You'll need to loop through your array dimensions to determine this, and this gets more complicated if you have more than one element in your array equal to 1.

Dim intCount1 As Integer
Dim intCount2 As Integer
Dim intResults as Integer
Dim intSub1() as Integer
Dim intSub2() as Integer

Redim intSub1(1)
Redim intSub2(1)
IntResults = 0
For intCount1 = lbound(txtFields_Array,1) to Ubound(txtFields_Array,1)
    For intCount2 = Lbound(txtFields_Array,2) to Ubound(txtFields_Array,2)
        If txtFields_Array(intCount1, intCount2) = 1 then
            IntResults = intResults + 1
            IntSub1(intResults) = intCount1
            IntSub2(intResults) = intCount2
            Redim Preserve intSub1(intResults + 1)
            Redim Preserve intSub2(intResults + 1)
        End If
    Next intCount2
Next intCount1


Rem The above code will take the positions of each instance of 1 in your matrix
Rem and put that position in an array.

For intCount1 = 1 to intResults
    Me.Print intSub1(intCount1) & ", " & intSub2(intCount1)
Next intCount1

Rem The above code prints each ordered pair on your form.

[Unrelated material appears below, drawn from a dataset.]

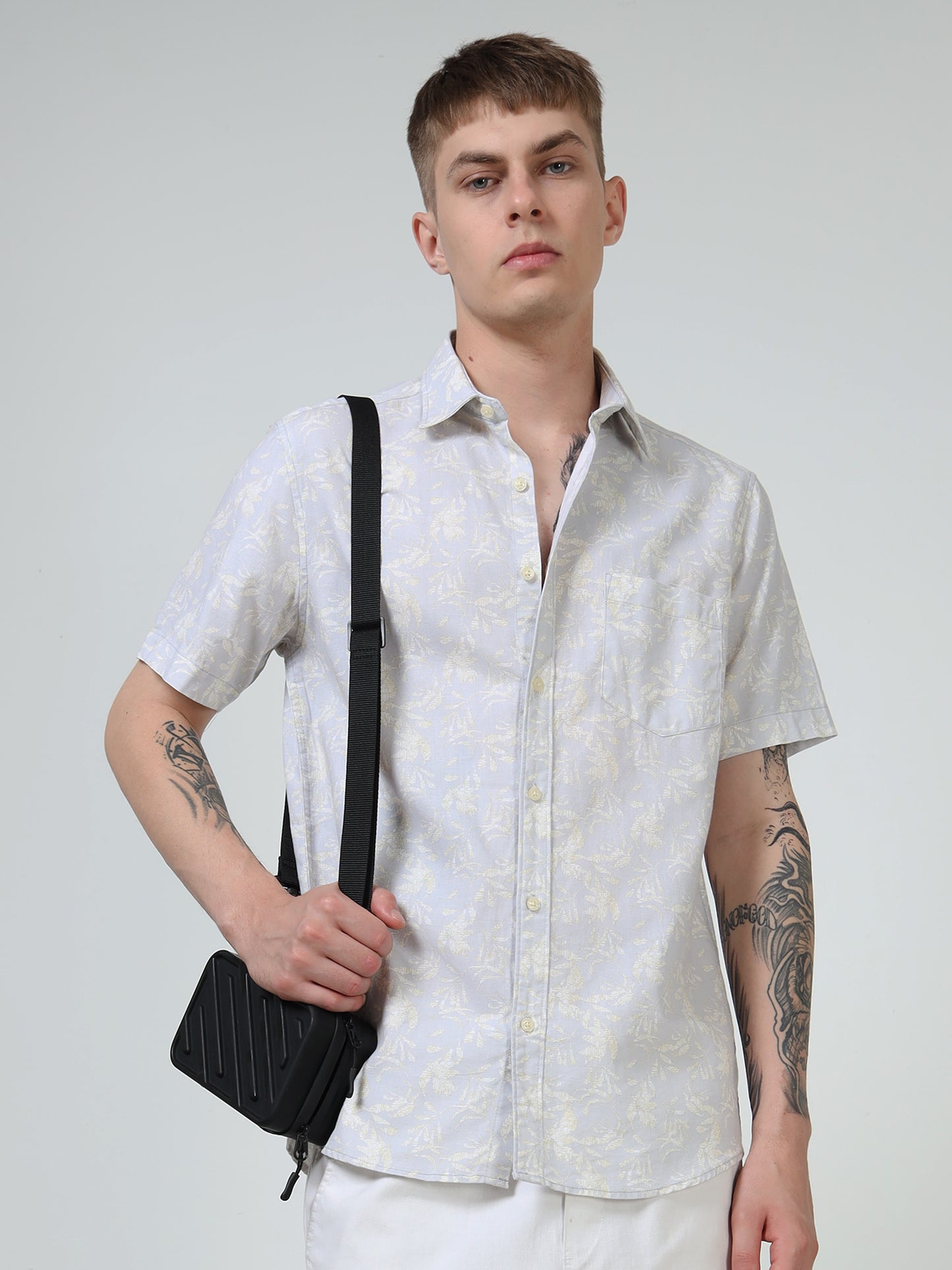 Martin Smith Men’s Regular Fit Cotton Linen Half Sleeves Casual Shirt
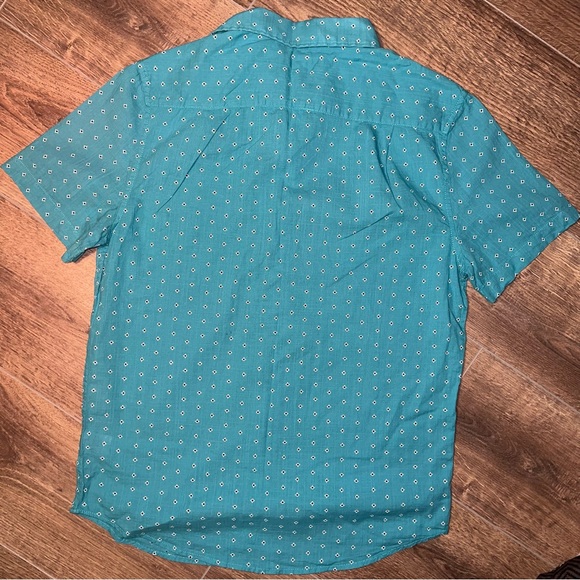 Aero Short Sleeved Button-Up - Picture 4 of 4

Note: This code leaves the intSub1() and intSub2() arrays larger than they should be -- there are empty elements at intSub1(0), intSub2(0), intSub1(UBound(intSub1)), and intSub2(UBound(intSub2)), which you can clean up after the fact.

You should also check before the last part of the code that intResults isn't zero, which would indicate that "1" wasn't found anywhere in your matrix.

If you can be sure "1" won't be repeated anywhere in your array, or if you want to just fine one instance, this is overkill.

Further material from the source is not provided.